20.01.22 (ams). Die Klimakrise ist nicht nur ein ökologischer, sondern auch ein medizinischer Notfall: Es muss mit mehr Herz-Kreislauf- und Atemwegserkrankungen, Infektionskrankheiten, Allergien und Hitzetoten gerechnnet werden. Einmal abgesehen von Naturkatastrophen, die unser Leben, unsere Existenzgrundlage und damit auch unsere seelische Gesundheit gefährden. Im Umkehrschluss heißt das: Alles, was gesund ist für die Erde, fördert auch die Gesundheit des Menschen.
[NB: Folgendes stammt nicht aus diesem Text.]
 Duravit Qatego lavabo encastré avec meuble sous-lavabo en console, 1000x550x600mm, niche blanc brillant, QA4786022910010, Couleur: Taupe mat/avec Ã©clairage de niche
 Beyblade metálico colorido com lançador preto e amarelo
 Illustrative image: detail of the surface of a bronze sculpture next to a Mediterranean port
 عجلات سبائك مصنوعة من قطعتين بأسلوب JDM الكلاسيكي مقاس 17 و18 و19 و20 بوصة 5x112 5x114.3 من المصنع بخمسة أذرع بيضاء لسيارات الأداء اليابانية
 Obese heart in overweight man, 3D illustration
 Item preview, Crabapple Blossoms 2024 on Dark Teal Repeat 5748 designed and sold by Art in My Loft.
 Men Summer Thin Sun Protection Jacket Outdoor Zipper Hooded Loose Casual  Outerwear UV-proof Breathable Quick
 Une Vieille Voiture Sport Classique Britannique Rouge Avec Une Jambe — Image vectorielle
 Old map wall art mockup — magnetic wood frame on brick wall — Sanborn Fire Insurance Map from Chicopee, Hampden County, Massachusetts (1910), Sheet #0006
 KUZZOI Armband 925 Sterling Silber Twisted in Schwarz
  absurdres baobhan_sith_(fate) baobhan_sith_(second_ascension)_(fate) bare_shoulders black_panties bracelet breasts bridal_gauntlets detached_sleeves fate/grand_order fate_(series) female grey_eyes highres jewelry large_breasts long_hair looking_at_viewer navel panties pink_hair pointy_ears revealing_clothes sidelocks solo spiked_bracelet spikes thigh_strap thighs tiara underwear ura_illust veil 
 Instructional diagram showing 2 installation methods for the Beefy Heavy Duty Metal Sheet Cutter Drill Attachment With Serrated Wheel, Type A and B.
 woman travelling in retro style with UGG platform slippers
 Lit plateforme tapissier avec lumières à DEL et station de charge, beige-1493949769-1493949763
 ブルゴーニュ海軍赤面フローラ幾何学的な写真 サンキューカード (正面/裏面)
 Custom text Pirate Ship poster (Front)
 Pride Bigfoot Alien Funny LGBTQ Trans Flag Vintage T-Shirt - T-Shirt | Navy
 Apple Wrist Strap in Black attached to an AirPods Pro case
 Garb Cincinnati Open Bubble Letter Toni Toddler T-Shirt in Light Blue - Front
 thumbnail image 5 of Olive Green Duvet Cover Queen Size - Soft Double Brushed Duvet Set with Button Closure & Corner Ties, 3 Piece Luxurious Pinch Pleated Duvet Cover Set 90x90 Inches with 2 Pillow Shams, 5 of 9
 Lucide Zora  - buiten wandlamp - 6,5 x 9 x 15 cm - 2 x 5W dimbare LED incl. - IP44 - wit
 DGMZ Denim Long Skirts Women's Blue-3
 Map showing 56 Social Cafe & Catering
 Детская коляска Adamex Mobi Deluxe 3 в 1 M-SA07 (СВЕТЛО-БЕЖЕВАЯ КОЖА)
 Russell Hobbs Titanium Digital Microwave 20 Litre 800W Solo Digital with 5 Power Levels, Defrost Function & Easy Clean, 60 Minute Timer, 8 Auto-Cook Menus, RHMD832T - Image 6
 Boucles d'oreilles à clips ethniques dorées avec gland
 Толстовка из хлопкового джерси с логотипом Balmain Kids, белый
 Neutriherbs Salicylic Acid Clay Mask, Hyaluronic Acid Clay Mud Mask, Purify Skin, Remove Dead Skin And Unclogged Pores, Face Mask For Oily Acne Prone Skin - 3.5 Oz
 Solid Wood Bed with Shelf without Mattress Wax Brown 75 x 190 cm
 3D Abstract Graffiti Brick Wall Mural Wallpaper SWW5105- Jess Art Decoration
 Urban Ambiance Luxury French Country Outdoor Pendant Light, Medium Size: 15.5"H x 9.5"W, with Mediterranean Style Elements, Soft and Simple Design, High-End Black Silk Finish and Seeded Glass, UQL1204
Hitzewellen und Dürren, Starkregen und Überschwemmungen, Waldschäden und Ernteausfälle - der Klimawandel ist auch in unseren Breitengraden bereits deutlich spürbar. Zudem schwindet das Meereis in der Arktis, der Permafrostboden in der Tundra schmilzt, der Meeresspiegel steigt und der pH-Wert des Meerwassers sinkt, Pflanzen- und Tierarten sterben aus. "Doch der Klimawandel bedroht nicht nur die Ökosysteme, sondern wird auch Einfluss auf unsere Gesundheit haben", sagt Dr. Eike Eymers, Ärztin im AOK-Bundesverband. So trägt zum Beispiel die Verbrennung von fossilen Brennstoffen wie Kohle, Öl und Holz nicht nur maßgeblich zum Klimawandel bei, sondern belastet auch die Luft und damit unsere Gesundheit. "Zum Beispiel führen höhere Feinstaub- Konzentrationen in der Luft zu einem erhöhten Risiko für Atemwegs- und Herz-Kreislauferkrankungen", so Medizinerin Eymers weiter.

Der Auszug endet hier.